XTDPDGMM: new Stata command for efficient GMM estimation of linear (dynamic) panel models with nonlinear moment conditions

Sebastian Kripfganz

Join Date: May 2014

Posts: 2609
#271

09 Apr 2021, 11:25

Originally posted by Chhavi Jatana View Post

I have five years study period, so I have formed only four dummy variables (first year is taken as a base year) based on n-1 formula. Do I still need to drop one of the year dummies?

Yes, because the lagged dependent variable is effectively reducing your estimation sample by one additional study period.

https://www.kripfganz.de/stata/
1 like
Comment
Chhavi Jatana

Join Date: Apr 2021

Posts: 4
#272

09 Apr 2021, 14:48

Alright, thank you so much for the clarification.
Comment
Sebastian Kripfganz

Join Date: May 2014

Posts: 2609
#273

12 May 2021, 04:37

There is a new update to version 2.3.4 on my website:

Code:

net install xtdpdgmm, from(http://www.kripfganz.de/stata/) replace

This version fixes a bug that produced an incorrect list of instruments in the output footer and incorrectly labelled the instruments generated by the postestimation command predict, iv. This bug only bit if a static model was estimated with GMM-type instruments. If the model included a lag of the dependent or independent variables, then the problem did not occur. This bug did not affect any of the computations. It was just a matter of displaying the correct list of instruments.

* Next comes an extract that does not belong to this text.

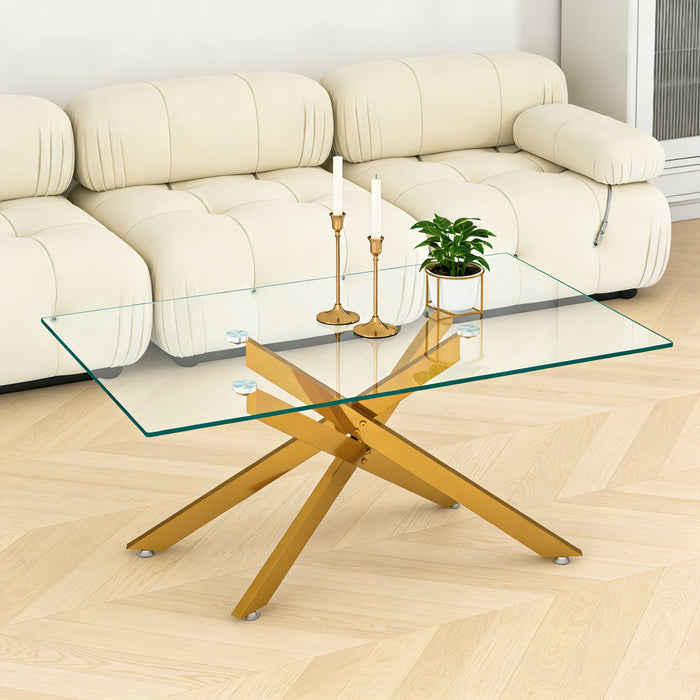 Table basse rectangulaire en verre de 39,37\" Olivia avec pieds metalliques elegants, doree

https://www.kripfganz.de/stata/
Comment
Eliana Melo

Join Date: Jan 2021

Posts: 9
#274

12 May 2021, 08:39

Hi, I want to estimate a system gmm with xtdpdgmm in stata 14.2. My dependent variable is the percentage of Non-Technical Losses in distribution of electricity (pntbt) for 33 utilities and the period is 2003-2016. Is an unbalanced panel. I have suspect of endogeneity of an explanatory variable: duration of electric distribution outages (dec_apurado). The another variables are: hmcvi (rate of homicides), subnormal (proportion of the urban population living in slums) and inadpf (rate of people credit default).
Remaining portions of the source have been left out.